Celebrity Biographies
Frank Capra
O optimist to hammer, poet of idealism, champion of good feelings. Frank Capra was the master of a cinema where the border between emotional and sentimental is very, very thin.
And Frank Capra (1897-1991) refused to cross the dividing line, he stayed on the side of pure and authentic emotions. Perhaps for having lived them in the realization of his ‘American dream’. Born in a small town in Sicily, he emigrated to the US at the age of 5. From a large family, poor and peasant, a practicing Catholic, the premature death of his father forced him to be the head of the household. Which posed him moral dilemmas, such as whether or not to contribute his knowledge as a chemical engineer to alcohol smuggling; As for any of his future heroes, this was tempting, but his principles prevailed.
He turned to movies by chance: on a streetcar, the driver mentioned a newspaper ad for Fireside Productions. He introduced himself, and assured that he came from Hollywood, a little lie. In 1922 he was conducting Ballad of Fultah Fisher’s Boarding House , a bombastic title of only 10 minutes, which the press described as “a tribute to the genius of Kipling”. When Capra finally confessed his film ignorance to Walter Montague, the latter told him he already knew, but that he had trusted his determination. Later he was a gag writer on the series The Gang , and on the Harry Langdon films , produced by Mack Sennett.
Searching for his personal Shangri-La, the idyllic place he would paint in Lost Horizon , he worked for Harry Cohn at Columbia.

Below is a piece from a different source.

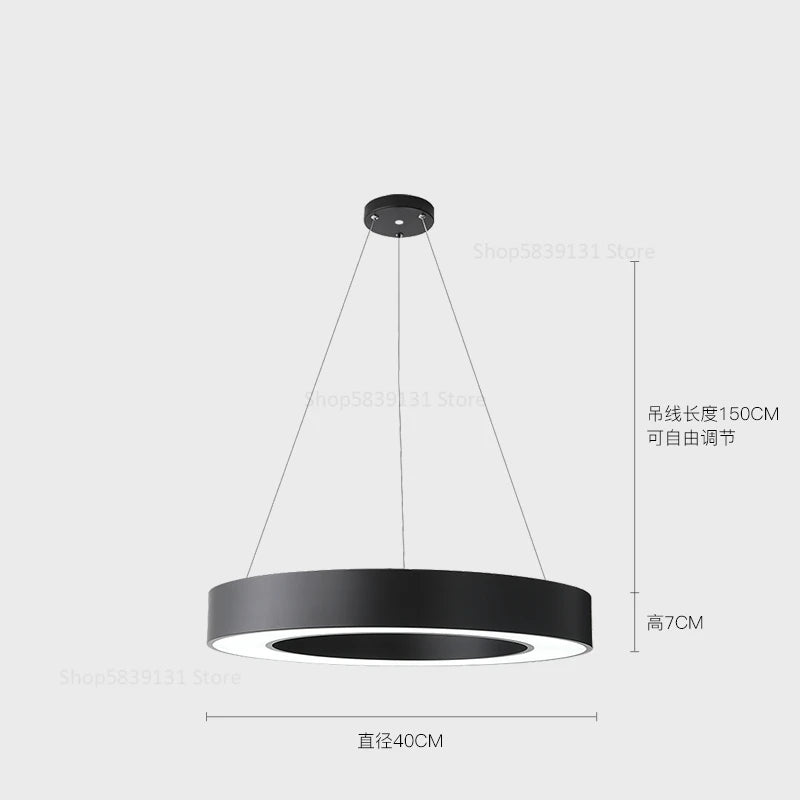 Modern Iron Art Circle Pendant Lights Minimalism Black White Metal Led Ring Light Office Living Room Decor Hanging Lamp Fixtures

His films elevated the modest Gower Street studio to the next level. It was a long relationship, from 1927 to 1939, where there was no shortage of troubles (Cohn released a film in Europe with Capra’s name, without Capra’s knowledge), but also no joys (three Oscars for best director, the pride of seeing his name in front of the title…), and several essential titles. Gable and Colbert’s bus ride from It Happened One Night , homeless May Robson ‘s turning from Mrs. into Lady for a Day (which led to a remake by Capra himself), the manipulated heir, Cooper, from The Secret of Living, the thundered family, Arthur, Stewart, Barrymore, from Live As You Want , and, of course, Colman’s utopia in Lost Horizons , among others. They were magnificent films, which had a crumb, and avoided falling into boredom, the cardinal sin of cinema, according to Capra. In addition, he had time to preside over the Hollywood Academy. Then he would seek independence: first with screenwriter Robert Riskin , and after the war with William Wyler and George Stevens . At that stage, Juan Nadie (Cooper ‘again’) spoke masterfully about the anonymous citizen; An idea common to Knight Without a Sword , a film that the Washington politicians did not like, with the ‘boy scout’ Stewart.

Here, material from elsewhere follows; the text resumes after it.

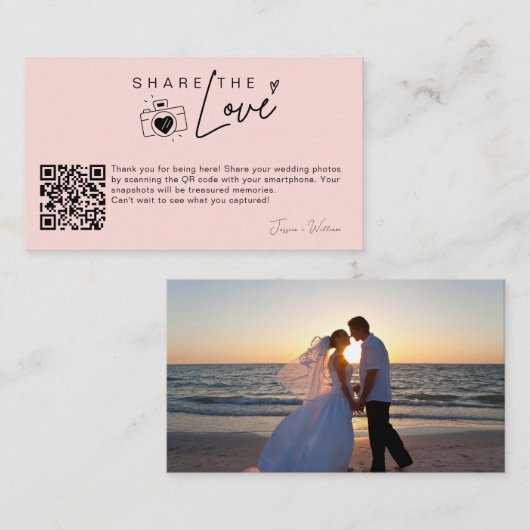 Moderne trouwfoto Deel de liefde Qr Code Informatiekaartje (Voorkant / Achterkant)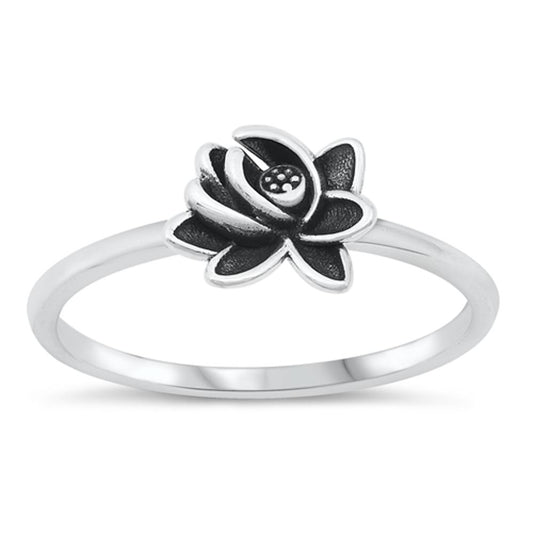 Lotus Flower Purity Enlightenment Ring New .925 Sterling Silver Band Sizes 4-10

His contribution to the World War II effort with the Why We Fight series was significant. But horror and death took their toll. What did not prevent him from delivering his most famous film after the contest, the Christmas movie par excellence, How beautiful it is to live! , fable about what happens and doesn’t happen if one evades his responsibilities, with Reed, Stewart, and Barrymore. Curiously, at the time it did not work. It was beginning to decline, but it still produced estimable titles such as El Estado de La Unión . The world changed, the cinema too. Actors and agents held unusual power, he grew older, he got tired. Little by little the films admitted a load of sex and violence that repelled him. The official withdrawal of him came with A gangster for a miracle(1961), delicious comedy, but not suitable in these times. He would still have time, however, to write his memoirs, defined by John Ford as “the only authentic balance I have read about Hollywood.”